Mayor Tim Leavitt, who has long advocated for development of the city-owned Block 10 site, urged the city staff to make sure the Gramor project would be something that moved forward on an agreed-upon schedule and that resulted in an urban grocery store for downtown Vancouver.
“I want to see a bulletproof agreement between the city and the developer to ensure that the use and the schedule are agreed upon,” Leavitt said at the March 13 work session. “We’ve had some mixed results with other developers downtown with adhering to a schedule and I don’t think we want that to happen with something as important as Block 10.”
Leavitt added that he also didn’t want to get residents’ hopes up for a downtown grocery store and then have that piece of the proposal fall through.
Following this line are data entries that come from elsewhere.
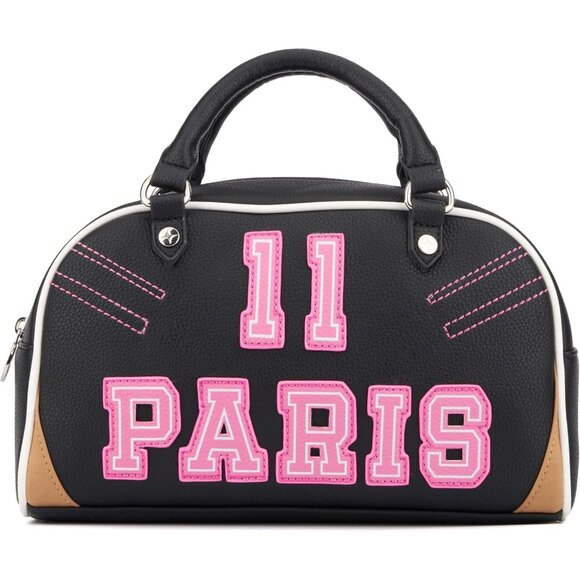 Paris Hilton Varsity Vegan Leather Bowler Satchel Hand Bag with Removable Strap - Picture 6 of 10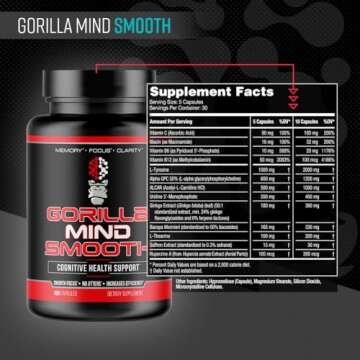 Gorilla Mind Smooth Nootropic Formula - Non-Stimulant Focus Supplement for Memory & Clarity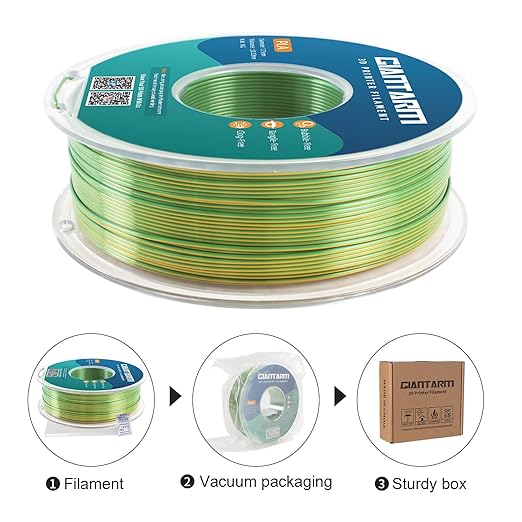 GIANTARM Dual Color PLA Filament, Silk PLA Filament 1.75mm +/-0.02mm, 1KG Spool - Image 4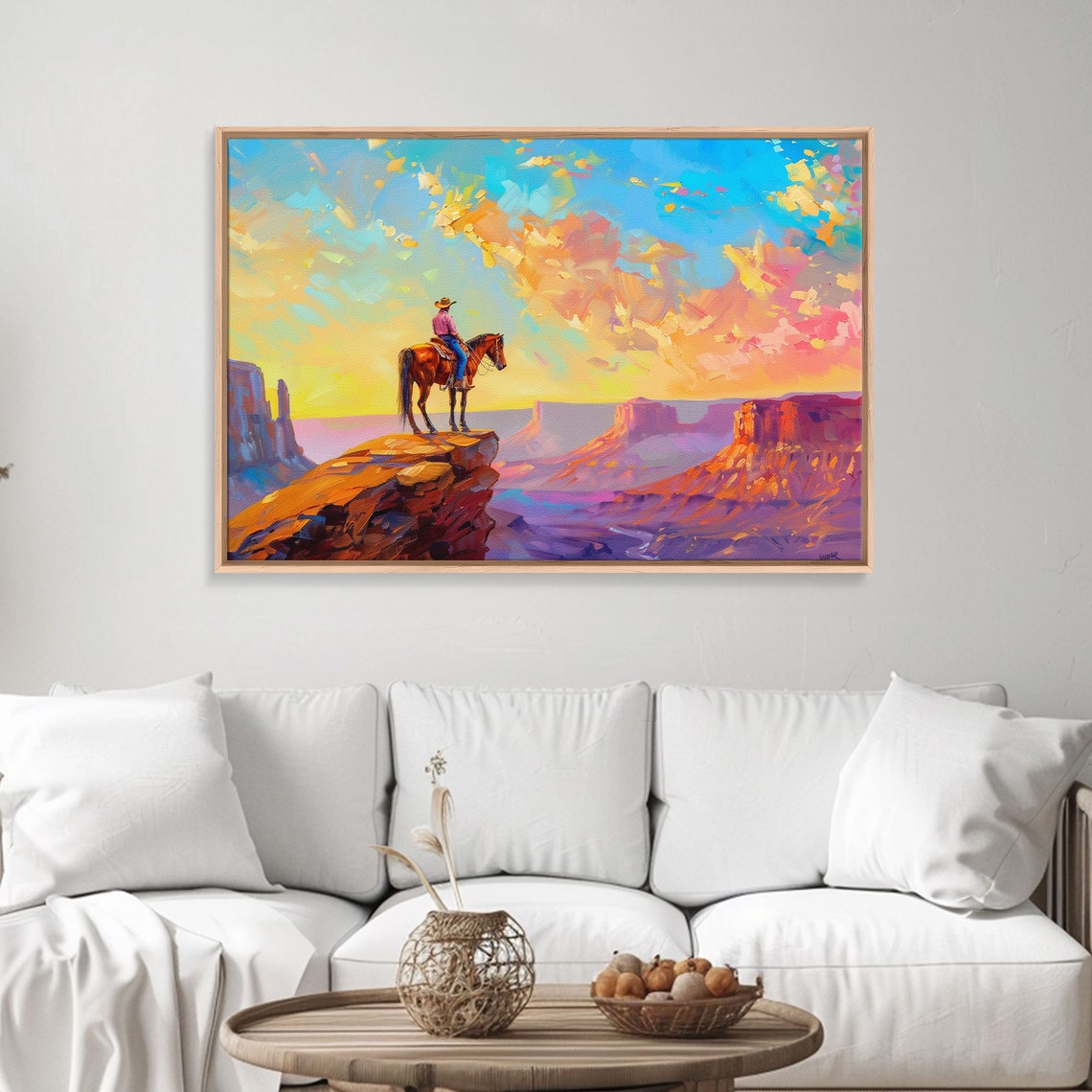 Cowboy On Horseback Canyon Cliff Sunset Western Landscape Poster - Image 5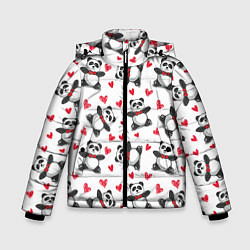 Куртка зимняя для мальчика Любимые панды, цвет: 3D-красный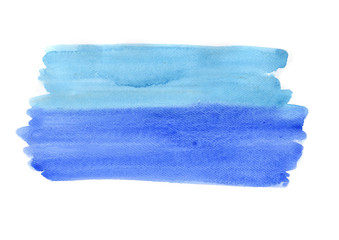 Abstract blue watercolor painting brush stroke background.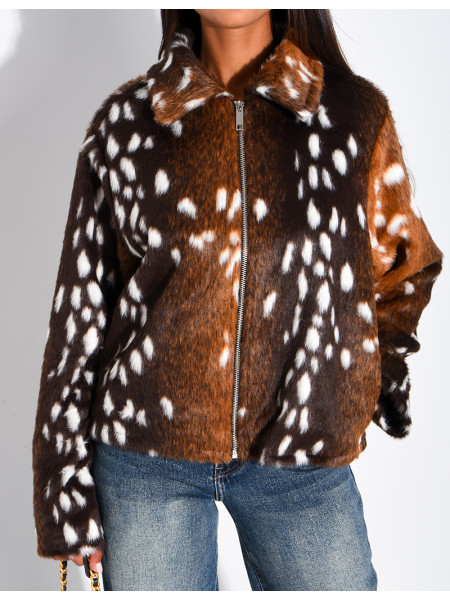 Short zip-up jacket with a Bambi print
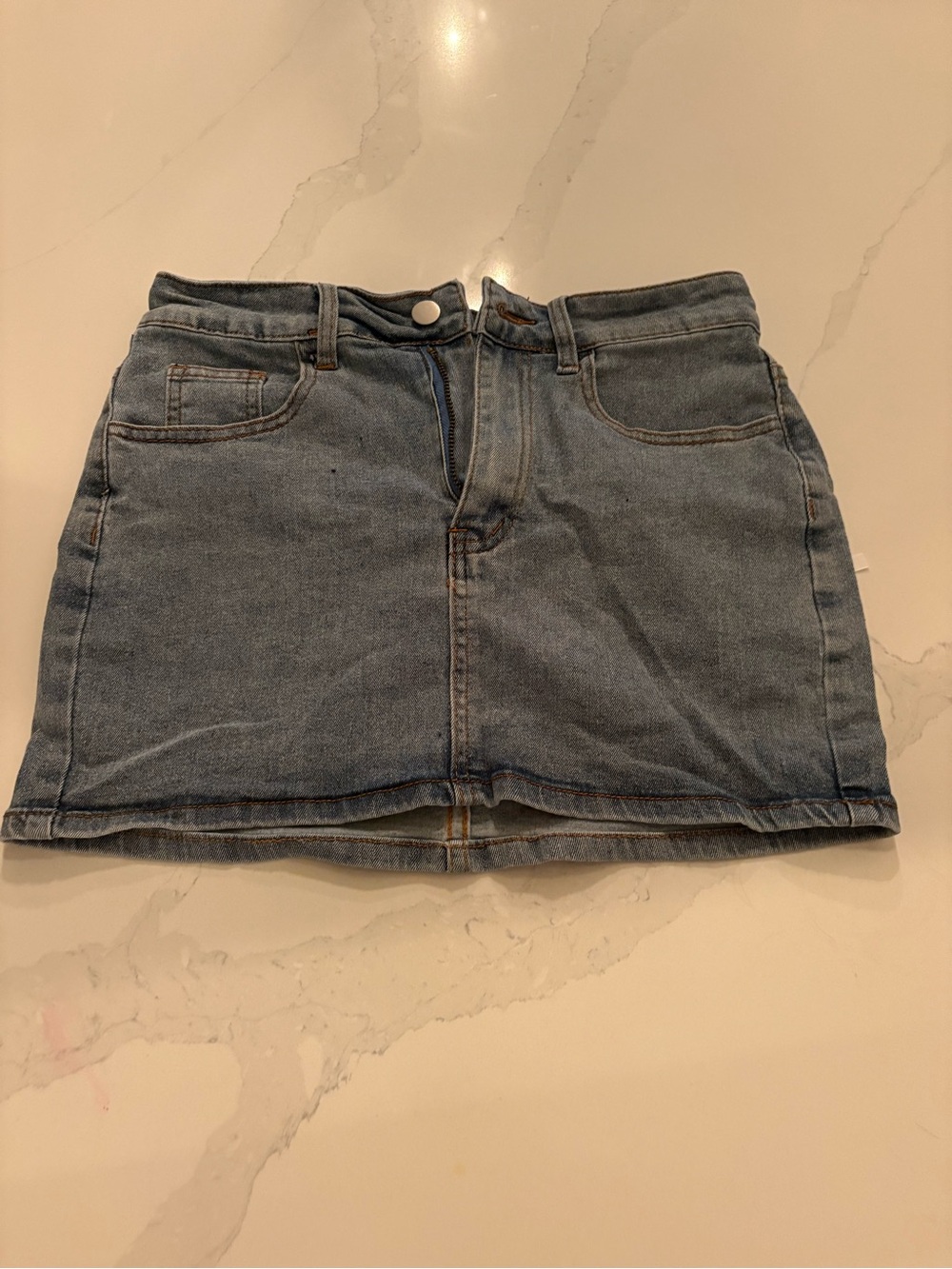 SHEIN Light Blue Denim Mini Skirt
For their part, Gramor Development is well-versed in negotiating with Vancouver and other Clark County jurisdictions. The developer has been creating mixed-use projects throughout southwest Washington and northwest Oregon since the mid-1980s, and has several grocery store-anchored developments in Clark County, including the QFC-anchored 162nd Place development built in 1999 off 162nd Avenue in Vancouver; the Safeway-anchored Orchards Plaza, developed in 1988 at 11500 NE 76th St., in Orchards; the Albertsons-anchored Battle Ground Market development built in 1999 on Battle Ground’s Main Street; and the 1994 Fisher’s Landing Marketplace project off Southeast 164th Avenue in Vancouver, which boasts a New Seasons Market.
Most recently, the developer has made headlines for their massive, $1.5 billion Waterfront project along Vancouver’s downtown waterfront, which, according to Gramor’s website, “encompasses 32 acres, 21 city blocks and a master plan that calls for up to 3,300 housing units, 10 park acres, 1.25 million feet of office space and 250,000 square feet of retail and hospitality space.”
Brun said the proposals for Block 10 show that the city’s downtown is a hot area for developers.
“We issued an RFP (request for proposals) in 2014 with no responses at that time,” Brun said. “That was not the case this time. Now we have exciting proposals to review … downtown is going through a rebirth that, I think, is unprecedented.”
Once the city staff has gone through the negotiation process with Gramor Development, they will bring the proposed development agreement back to the city council for a public hearing.